Emotional Exhaustion


Emotionally I’m tired this morning. Last night John was very agitated and Tony and Dominyk lost it at the same time. Bart wasn’t home and it went downhill from there.

It culminated in a two hour discussion with John that began with him trying to call social services to say he couldn’t live here any more, but he couldn't find the number. He wanted to tell them needed a family with less children (thank you, oh so much, professionals, for planting that idea in his head). Even though when he was in a foster family with no children, he pretended to try to kill their cat, he has gotten the message loud and clear from everyone over the past year -- our family is the issue, not him.

Anyway, we just sat and listened and commented calmly (not my style) but refused to give him the number. He had the phone book and spent a whole hour looking for the number to the sheriff’s office. I had to stop myself from chuckling when he was declaring that he was going to run away, get on a bus, and go down to the state he came from to his old hometown. He remembers enough, he says, that he would be able to find her (all this being said while he can’t even find the phone number for the sheriff).

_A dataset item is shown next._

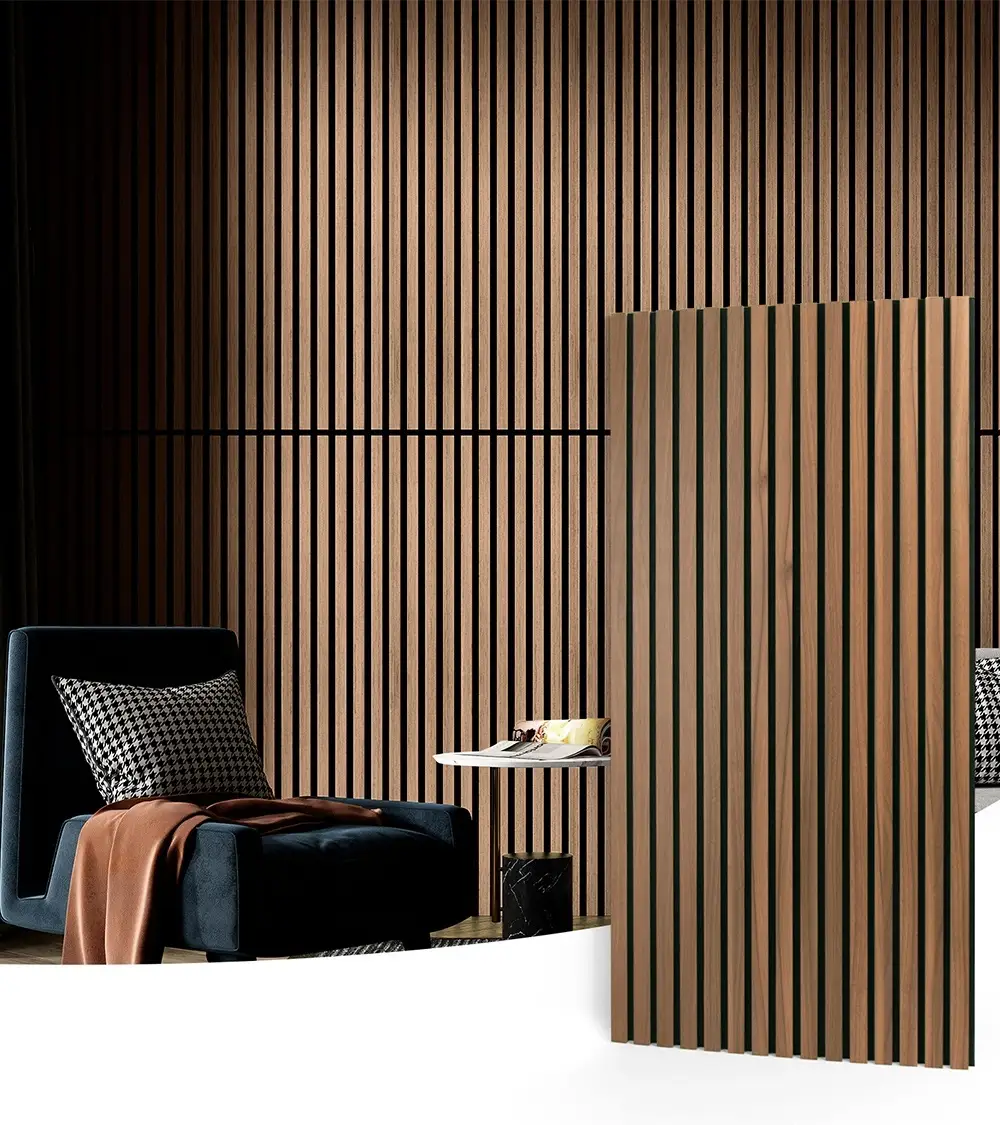 Outdoor Indoor Waterproof WPC Wooden Fluted Wall Slat Panels 1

I feel for him, because he has a lot of stuff to work through. He is very very angry at his birthparents for not doing what they should have done, at social services for taking him away from her and at us -- because we are the cause and reason for all things bad simply because we are committed to him. At one point in the conversation he said, “The LAST thing I need right now are two people who care about me.”

We went through the whole range of emotions -- from how we didn’t love him to how he couldn’t wait until he was 18 to see his birthparents to how he couldn’t return to school because it’s too hard for him there.... on and on.

The emotional exhaustion did not come from listening. It came from having to keep myself calm and my mouth shut for 2 hours.

The years ahead with John are not going to be easy ones. But as I told Bart, I’d rather be his parent than be him.

1 comment:

Yondalla said...

Hi...I don't have a comment relevant to you post. It's just that I have started reading your blog and thought I should say "hi."

I've been looking for bloggers who do care...glad to find another.

Do you mind if I add you to the "Kindred Caregivers" list on my blog?